Extracted records
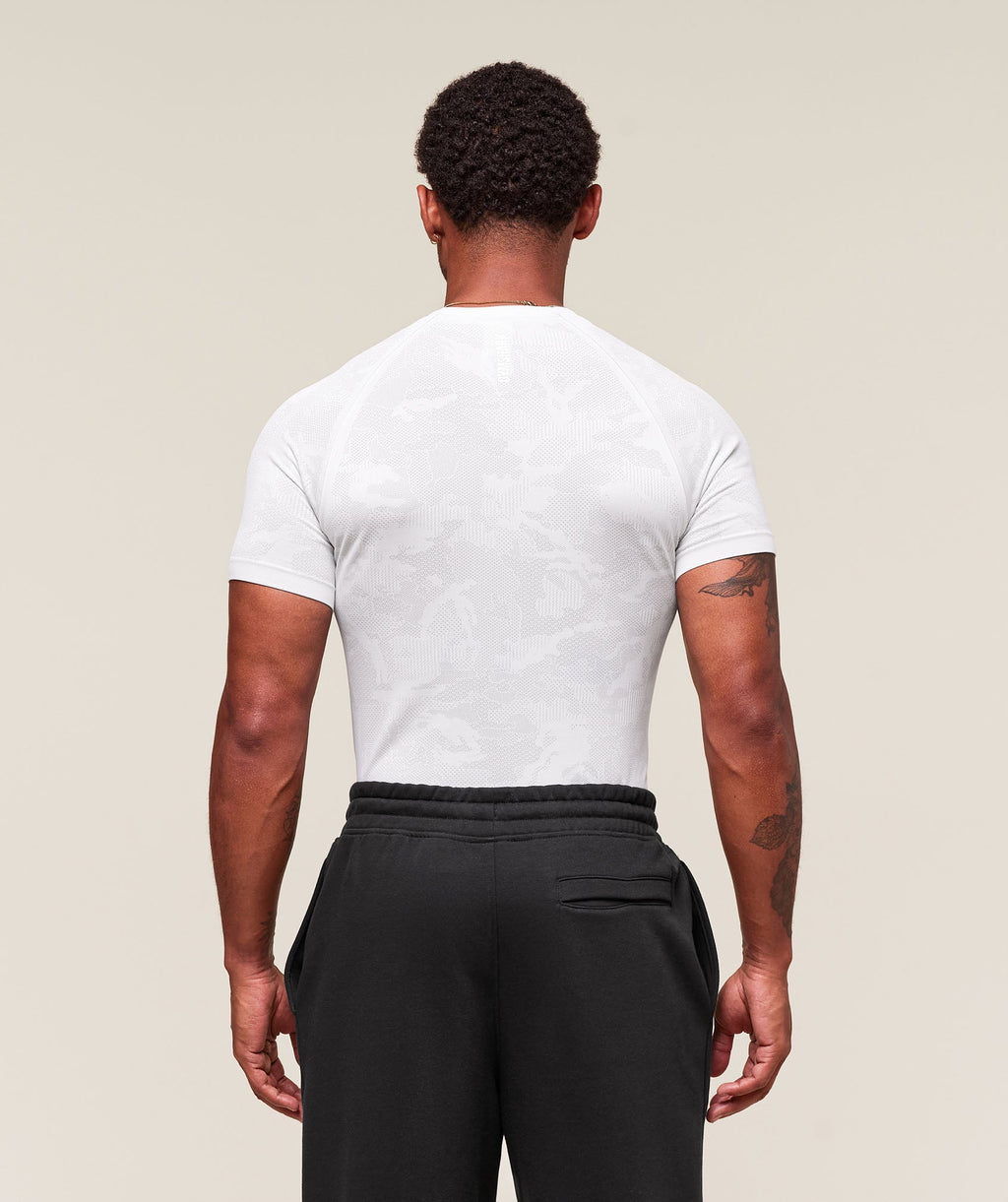 Geo Seamless T-Shirt - White/Light Grey — imagem 2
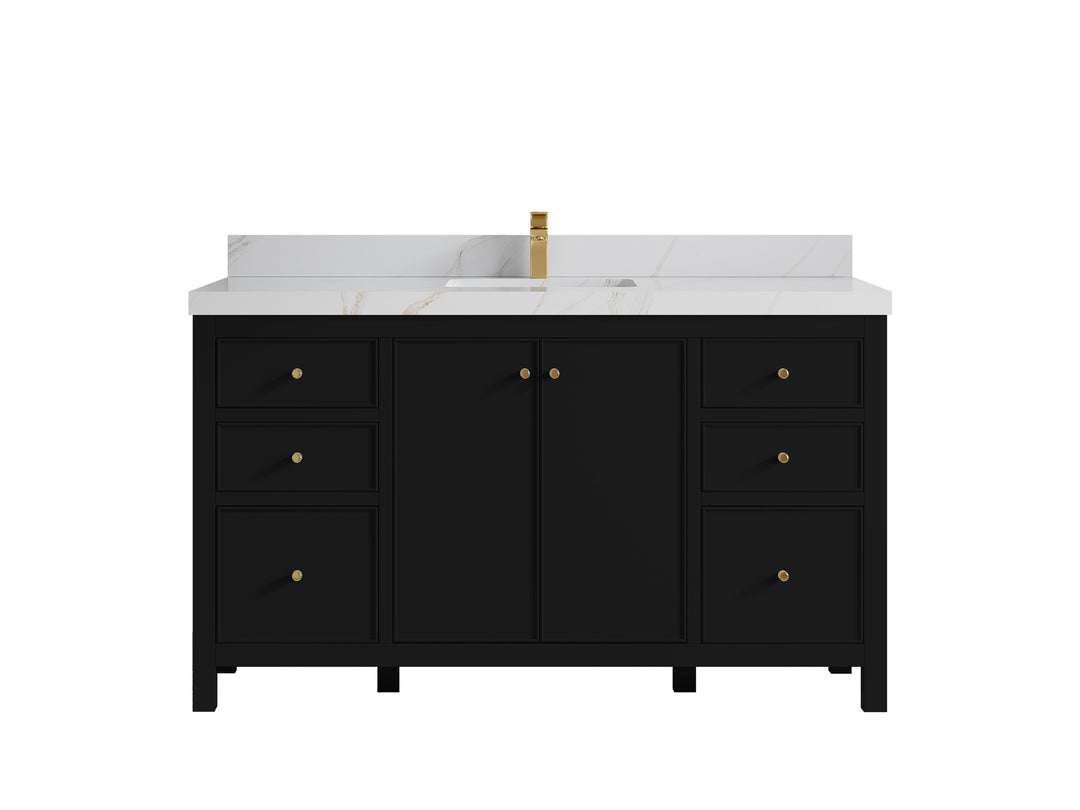 Chicago 60 in. W x 22 in. D Single Sink Bathroom Vanity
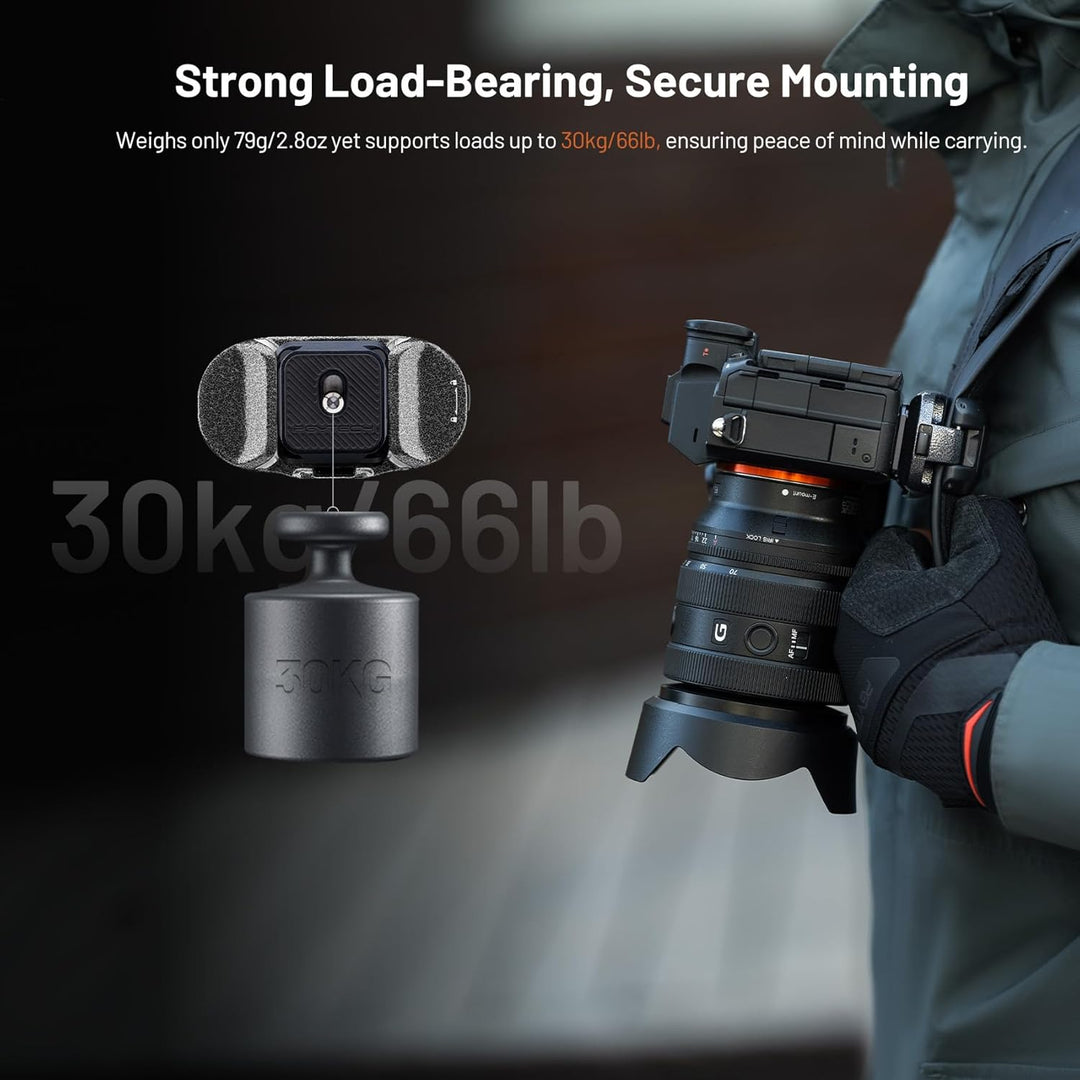 PGYTECH Beetle Kamera Clip V2 (Nur Clip) mit Platte Schnellwechselsystem für Sony, Nikon, Fuji, DSLR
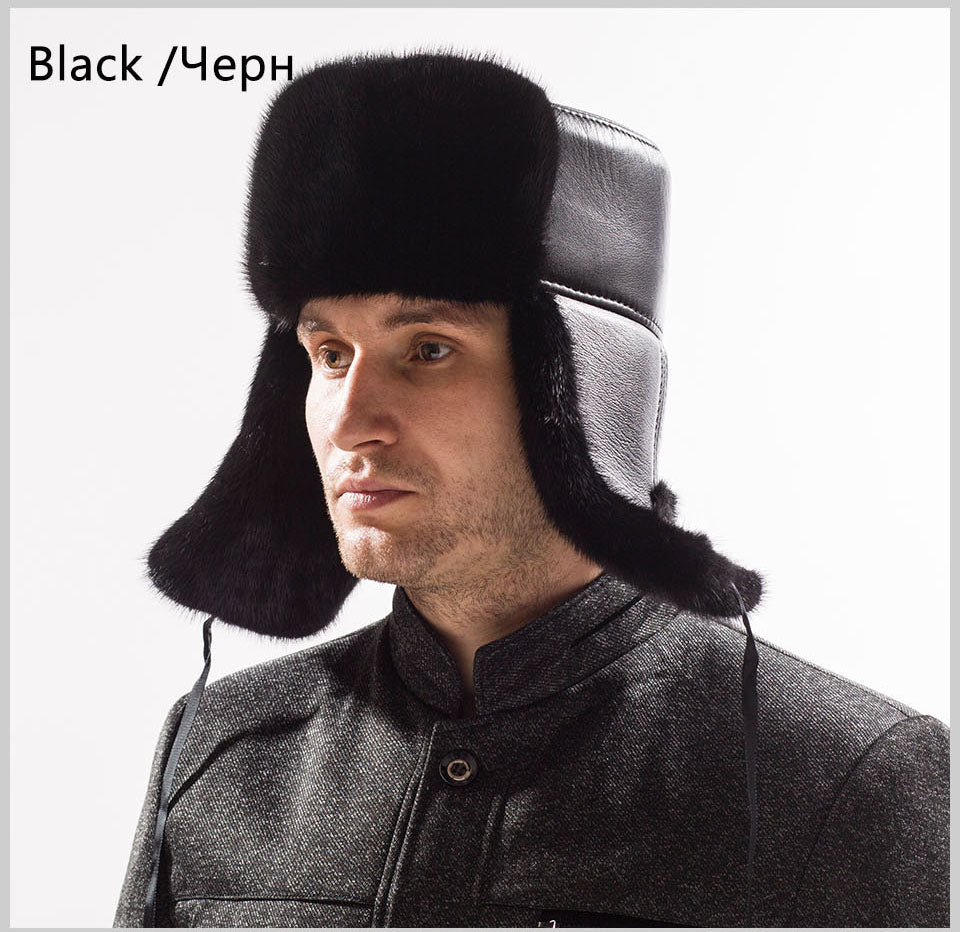 Mink Fur Caps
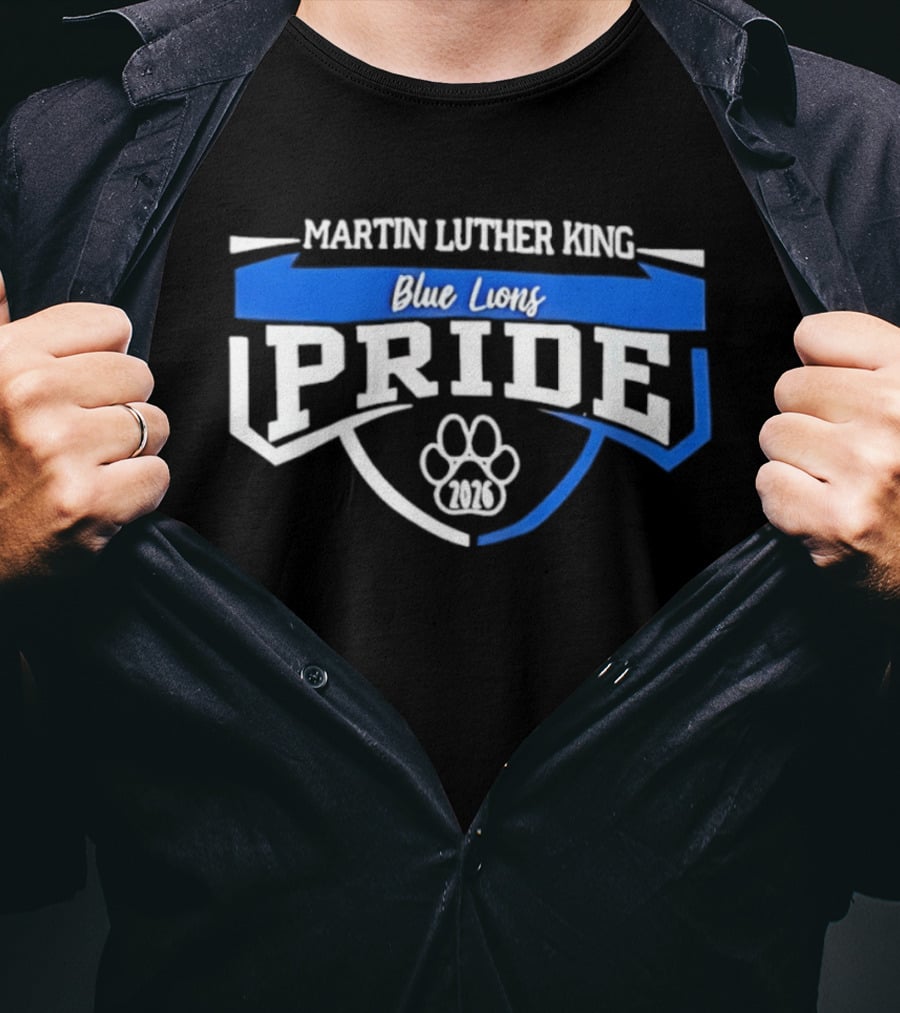Martin Luther King Blue Lions Pride 2026 Paw T-Shirt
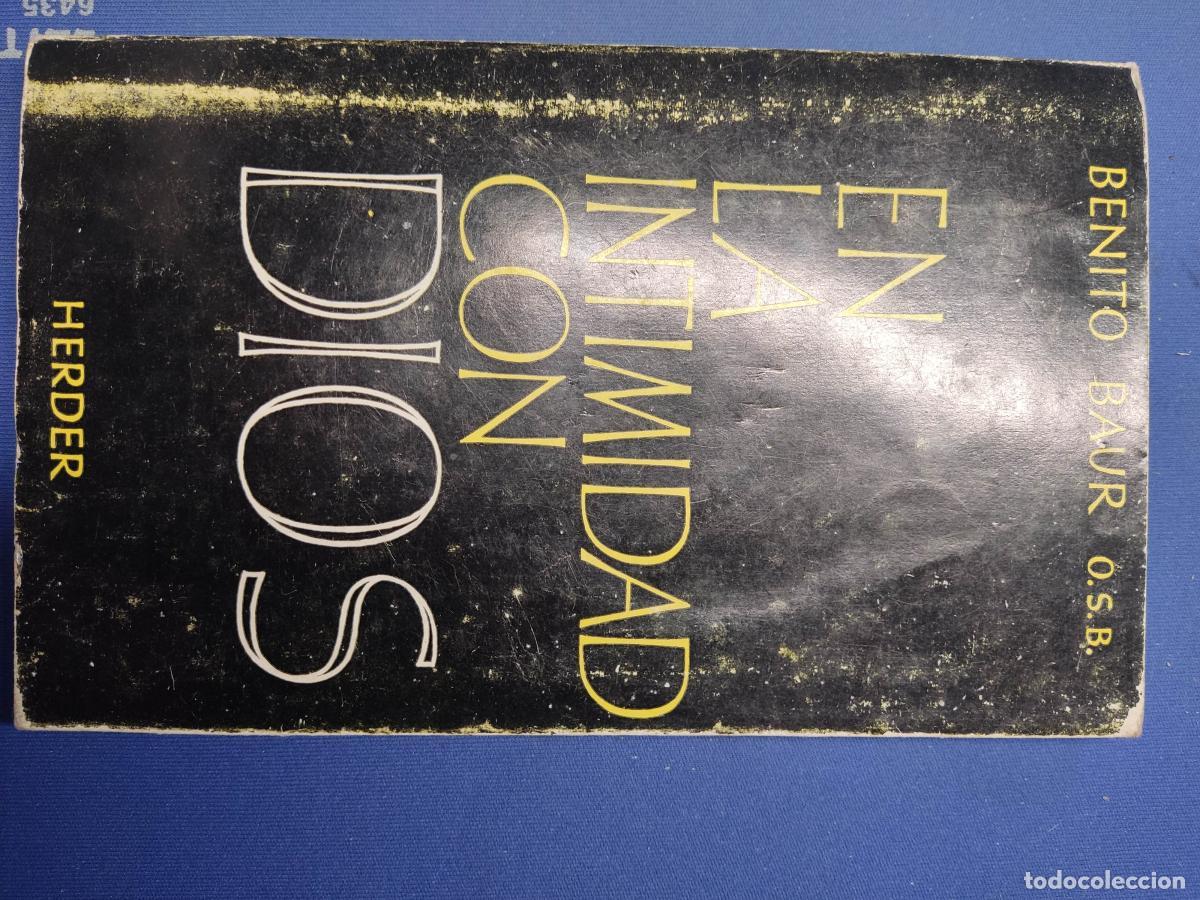 Livros em segunda m&atilde;o: En la intimidad con Dios - Benito Baur o.s.b tdk23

### Exercise aim
Only one thing is required here: an exact copy of the lines from the one bearing "Chicago 60 in." through the final line above, both included, with pictures left out.

### Task response
 Chicago 60 in. W x 22 in. D Single Sink Bathroom Vanity
 PGYTECH Beetle Kamera Clip V2 (Nur Clip) mit Platte Schnellwechselsystem für Sony, Nikon, Fuji, DSLR
 Mink Fur Caps
Martin Luther King Blue Lions Pride 2026 Paw T-Shirt
 Livros em segunda m&atilde;o: En la intimidad con Dios - Benito Baur o.s.b tdk23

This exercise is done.